Anti-pipeline protesters disrupted the first open meeting of the Federal Energy Regulatory Commission since January on Wednesday, calling for changes in agency processes to allow it to more fully consider the environmental impacts of energy infrastructure projects.
More than two dozen protesters representing environmental groups from across the country rallied outside of FERC headquarters. A small number even interrupted the meeting — shouting that FERC was enabling natural gas developers to seize private land — but were then escorted from the room.
“People are against [FERC] rubber-stamping pipeline upon pipeline upon pipeline,” Rev. Lennox Yearwood, climate activist and CEO of the Hip Hop Caucus, said at a rally before the meeting. “We as the people, we must stand up.”
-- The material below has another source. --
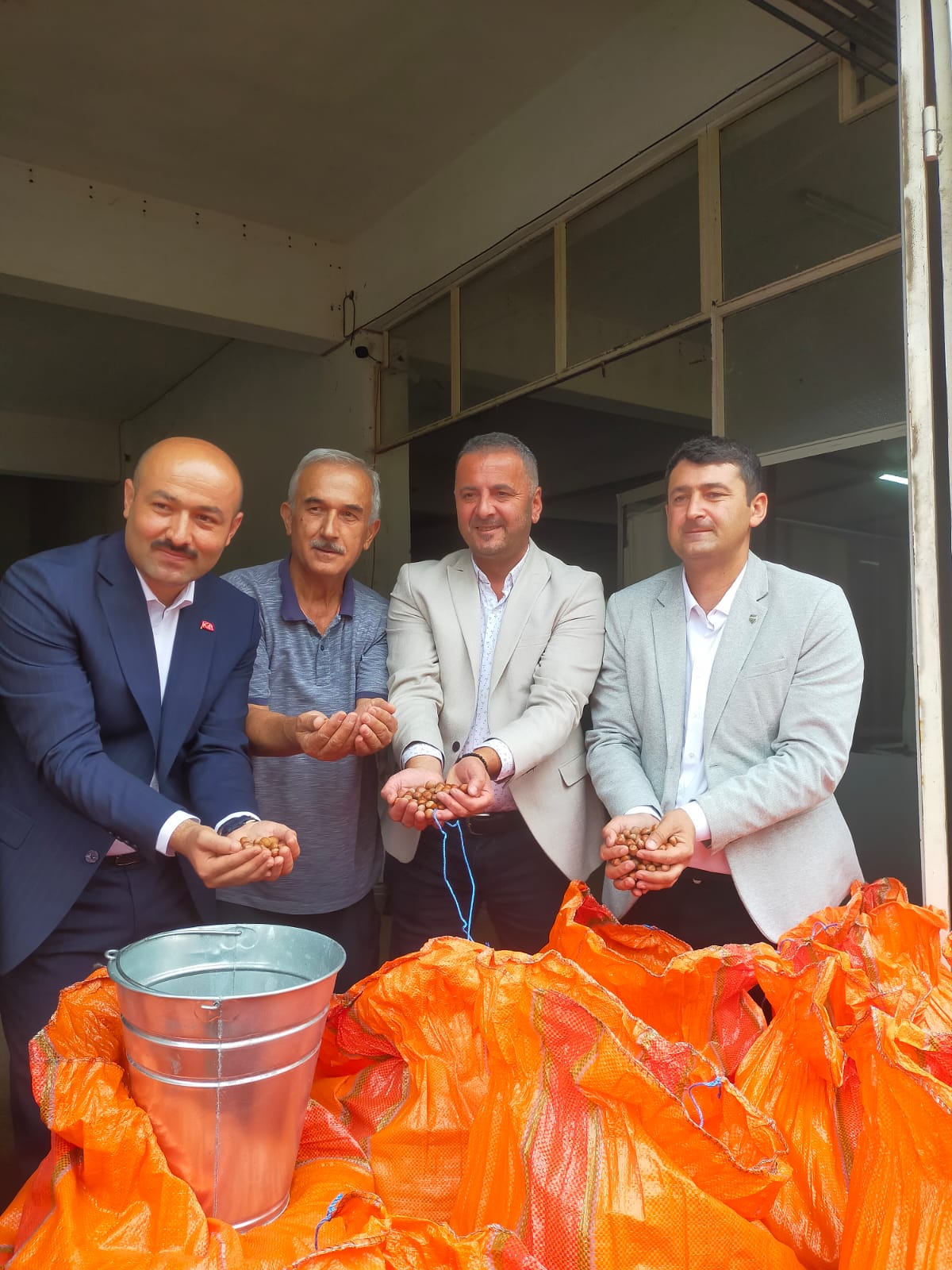 Kaymakamımız Sn. Süleyman ARAT, İlçemizde Toprak Mahsulleri Ofisi (TMO)’ni Ziyaret Etti.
The Sept. 20 meeting itself was less contentious than the protests surrounding it. FERC approved a number of minor orders, including rate authority for a SunZia transmission line and two new rulemakings on reliability, but Acting Chairman Neil Chatterjee said he would like to wait for the confirmation of two remaining agency nominees to take on the most contentious issues facing the federal energy agency.
“FERC speaks loudest when it speaks with one voice,” Chatterjee told reporters after the meeting, “and for some of the major issues before the commission, it would certainly be my preference that we tackle those when we do have FERC at full strength.”
“FERC speaks loudest when it speaks with one voice."
Acting Chairman, FERC
The agency is set to consider more than 40 pipeline proposals in the coming months, working through a backlog that built up after former Chairman Norman Bay resigned in February, leaving the agency without the quorum needed to issue decisions. Last month, Chatterjee and Commissioner Robert Powelson were confirmed by the Senate, giving FERC the quorum it previously lacked. The remaining nominees to the commission, Richard Glick and Kevin McIntyre, currently await votes from the full chamber.
While not on the meeting agenda, FERC in recent weeks has taken multiple actions to accelerate gas pipeline development, overturning New York’s denial of a water quality permit for Millennium Pipeline, allowing the Rover Pipeline in West Virginia to continue construction and approving the 257-mile Nexus gas pipeline that would run from Ohio to Michigan.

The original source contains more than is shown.